You instantiate a graph from the path to the prefix used by a graph on your filesystem.
This graph may be either swh/graph/example_dataset/compressed/graph
from swh-graph’s
source code repository, or a compressed graph downloaded from Amazon S3.
use std::path::PathBuf;
let graph = swh_graph::graph::load_full::<swh_graph::mph::DynMphf>(PathBuf::from("./graph"))
.expect("Could not load graph");
§Example: Average outdegree
The following code can be used to compute the average outdegree of a graph, which is a useful measure of its density:
use std::path::PathBuf;
use swh_graph::graph::*;
let basename = PathBuf::from("../swh/graph/example_dataset/compressed/example");
let graph = swh_graph::graph::load_full::<swh_graph::mph::DynMphf>(basename)
.expect("Could not load graph");
let average_outdegree = graph.num_arcs() as f64 / graph.num_nodes() as f64;
assert_eq!(average_outdegree, 28. / 24.);
§Example: Degree distributions
Using the outdegree()
primitive, we can compute the outdegree distribution
of the graph by iterating on all its nodes. The distribution will be returned
as a map that associates to each degree d the number of nodes with outdegree
d.
use std::collections::HashMap;
use std::path::PathBuf;
use swh_graph::graph::*;
let graph = swh_graph::graph::load_full::<swh_graph::mph::DynMphf>(basename)
.expect("Could not load graph");
let mut distribution = HashMap::<usize, u64>::new();
for node in 0..graph.num_nodes() {
*distribution.entry(graph.outdegree(node)).or_insert(0) += 1;
}
assert_eq!(distribution, HashMap::from([(0, 7), (1, 8), (2, 7), (3, 2)]));
§Example: Degree distributions (in parallel)

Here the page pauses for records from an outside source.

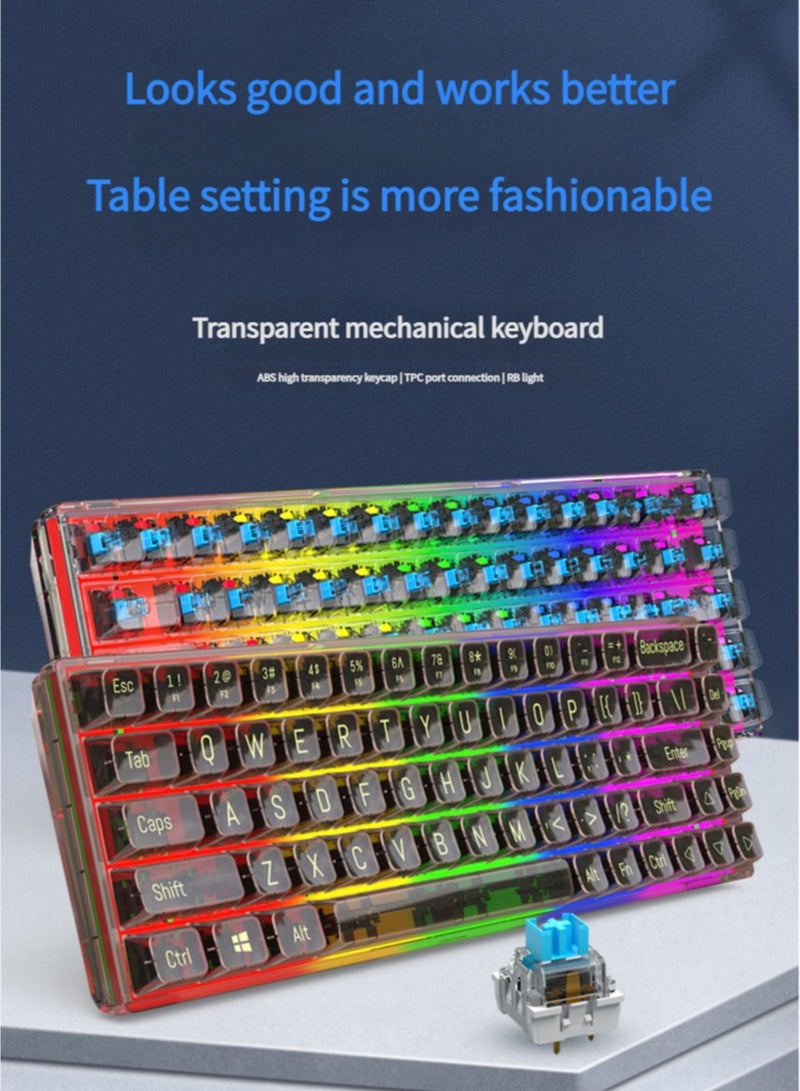 65% Wired RGB Transparent Gaming Keyboard, 68-key Compact Fully Transparent Mechanical Keyboard with Translucent Plate, Custom Linear Switches, Support Win/Linux and Mac OS Black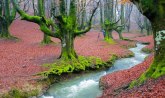 Otzareta je jedna od najlepših šuma na svetu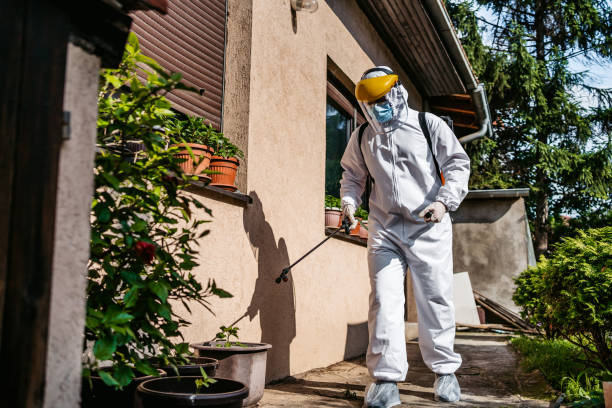 Best Local Pest Control Services  in Grovetown, GA
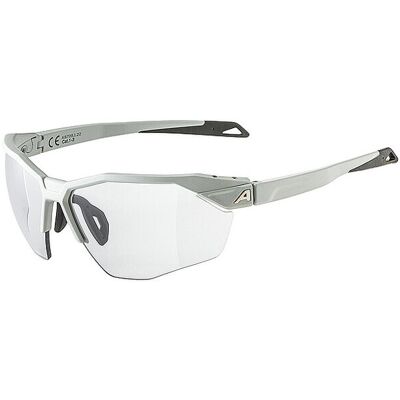 ALPINA Twist Six S HR Vario grau - Skibrille ALPINA Twist Six S HR Vario grau - Skibrille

Or, in parallel using the rayon library:
use std::collections::HashMap;
use std::sync::atomic::{AtomicU64, Ordering};
use rayon::prelude::*;
use std::path::PathBuf;
use swh_graph::graph::*;
let graph = swh_graph::graph::load_full::<swh_graph::mph::DynMphf>(basename)
.expect("Could not load graph");
let distribution: HashMap<usize, u64> = (0..graph.num_nodes())
.into_par_iter()
.fold(
// In each thread, start with an empty distribution
|| HashMap::new(),
// In each thread, compute the distribution for the thread's subset of nodes
|mut thread_distribution, node: usize| {
*thread_distribution
.entry(graph.outdegree(node))
.or_insert(0) += 1;
thread_distribution
},
)
// Merge distributions computed by each thread
.reduce(
// identity
|| HashMap::new(),
|mut distribution1, distribution2| {
for (outdegree, count) in distribution2 {
*distribution1.entry(outdegree).or_insert(0) += count
}
distribution1
}
);
assert_eq!(distribution, HashMap::from([(0, 7), (1, 8), (2, 7), (3, 2)]));
§Example: Depth-First Traversal
The successors
primitive can be used to write a simple stack-based DFS
traversal on the graph which starts from a given node and prints all the
descendant nodes in its transitive closure:
use std::collections::HashSet;
use std::path::PathBuf;
use swh_graph::graph::*;
fn visit_nodes_dfs<G: SwhForwardGraph>(graph: G, root: NodeId) {
let mut stack = Vec::new();
let mut visited = HashSet::new();
stack.push(root);
visited.insert(root);
while let Some(node) = stack.pop() {
println!("{}", node);
for succ in graph.successors(node) {
if !visited.contains(&succ) {
stack.push(succ);
visited.insert(succ);
}
}
}
}
§Example: Breadth-First Traversal
Swapping the stack for a queue changes the traversal order from depth-first to breadth-first:
use std::collections::{HashSet, VecDeque};
use std::path::PathBuf;
use swh_graph::graph::*;
fn visit_nodes_bfs<G: SwhForwardGraph>(graph: G, root: NodeId) {
let mut queue = VecDeque::new();
let mut visited = HashSet::new();
queue.push_back(root);
visited.insert(root);
while let Some(node) = queue.pop_front() {
println!("{}", node);
for succ in graph.successors(node) {
if !visited.contains(&succ) {
queue.push_back(succ);
visited.insert(succ);
}
}
}
}
§Node types and SWHIDs
In the Software Heritage archive, nodes are not represented by a simple integer, but by a SWHID, which contain both the type of the node (revision, directory, blob…) and its unique identifier. We use node mappings which allow us to translate between SWHIDs and the compact node IDs used in the compressed graph.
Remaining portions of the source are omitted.